Although the best-known cause of a mass extinction is the asteroid impact that killed off the non-avian dinosaurs, in fact, volcanic activity seems to have wreaked much more havoc on Earth's biota. Volcanic activity is implicated in at least four mass extinctions, while an asteroid is a suspect in just one. And even in that case, it's difficult to disentangle how much of the end-Cretaceous extinction was caused by the asteroid and how much was caused by the steady ooze of lava that was blanketing most of India at around the same time.

While multiple causes may have contributed to many mass extinctions, all the hypothesized causes have two things in common: they cause major changes in Earth systems — its ecology, atmosphere, surface, and waters — at rapid rates.

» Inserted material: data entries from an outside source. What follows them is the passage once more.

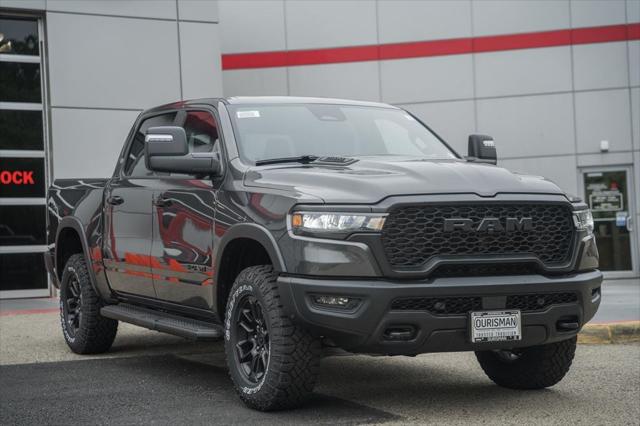 2026 RAM Ram 1500 RAM 1500 REBEL CREW CAB 4X4 57 BOX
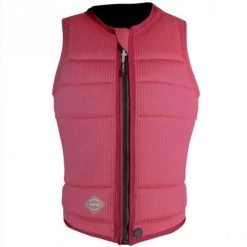 Follow Cord Gilet D'impact Femme Rose
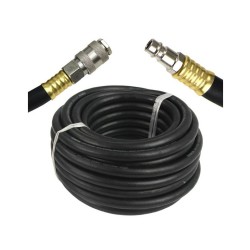 Vzduchová hadica s rýchlospojkami 20m, 20bar, 10x17mm MAR-POL Vzduchová hadica s rýchlospojkami 20m, 20bar, 10x17mm MAR-POL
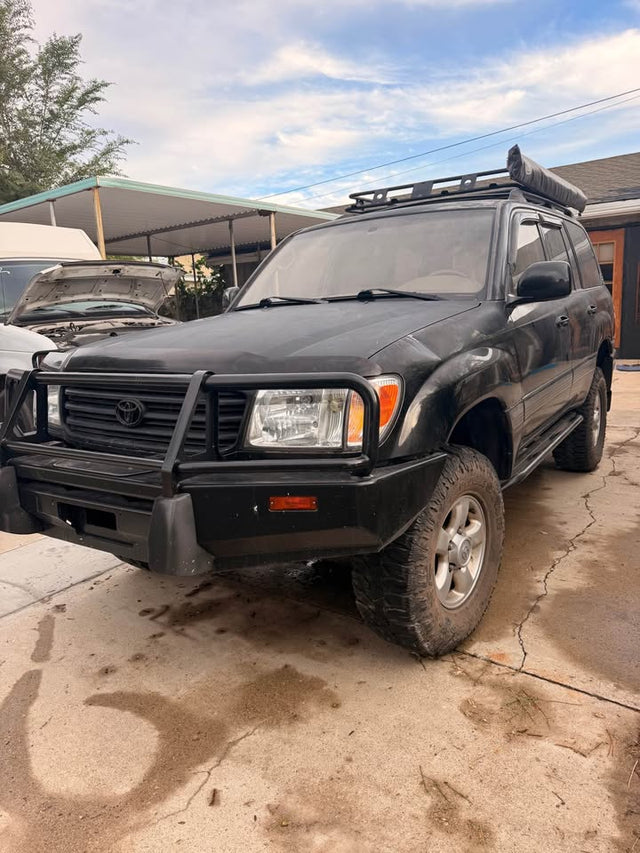 2000 Toyota Land cruiser — photo 3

Here are some hypothesized causes for each of Earth's biggest mass extinctions:

End-Ordovician:
• Beginning of glacial cycles on Earth, and corresponding changes in sea level
• Changes in atmospheric and oceanic chemistry relating to the rise of the Appalachian mountains

End-Devonian extinction:
• Climate change, possibly linked to the diversification of land plants
• Decrease in oxygen levels in the deep ocean

End-Permian extinction:
• Volcanic activity
• Climate change
• Decrease in oxygen levels in the deep ocean
• Changes in atmospheric chemistry
• Changes oceanic chemistry and circulation

End-Triassic extinction:
• Volcanic activity

End-Cretaceous extinction:
• Asteroid impact
• Volcanic activity
• Climate change
• Changes in atmospheric and oceanic chemistry

Mass extinction possible causes chart

What doesn't cause mass extinctions?
It may not come as much surprise that powerful volcanic eruptions and massive asteroid impacts can trigger mass extinctions. After all, we'd expect such disasters to bring about death and destruction. However, as paleontologists and geologists have studied Earth's history, they've noticed something interesting: sometimes, major catastrophes pass with hardly a blip in extinction rates. For example, the Manicouagan crater in Canada is several miles wide and constitutes strong evidence that a huge asteroid struck Earth one and a half million years ago — yet, the fossil record indicates no major dip in diversity associated with this event. Similarly, 2.5 km3 of lava (called the Karoo-Ferrar volcanic province) covering what is now South Africa and Antarctica indicate extensive volcanic activity around 180 million years ago — yet despite this large-scale disruption, only a small rise in extinction rates occurred during that time period.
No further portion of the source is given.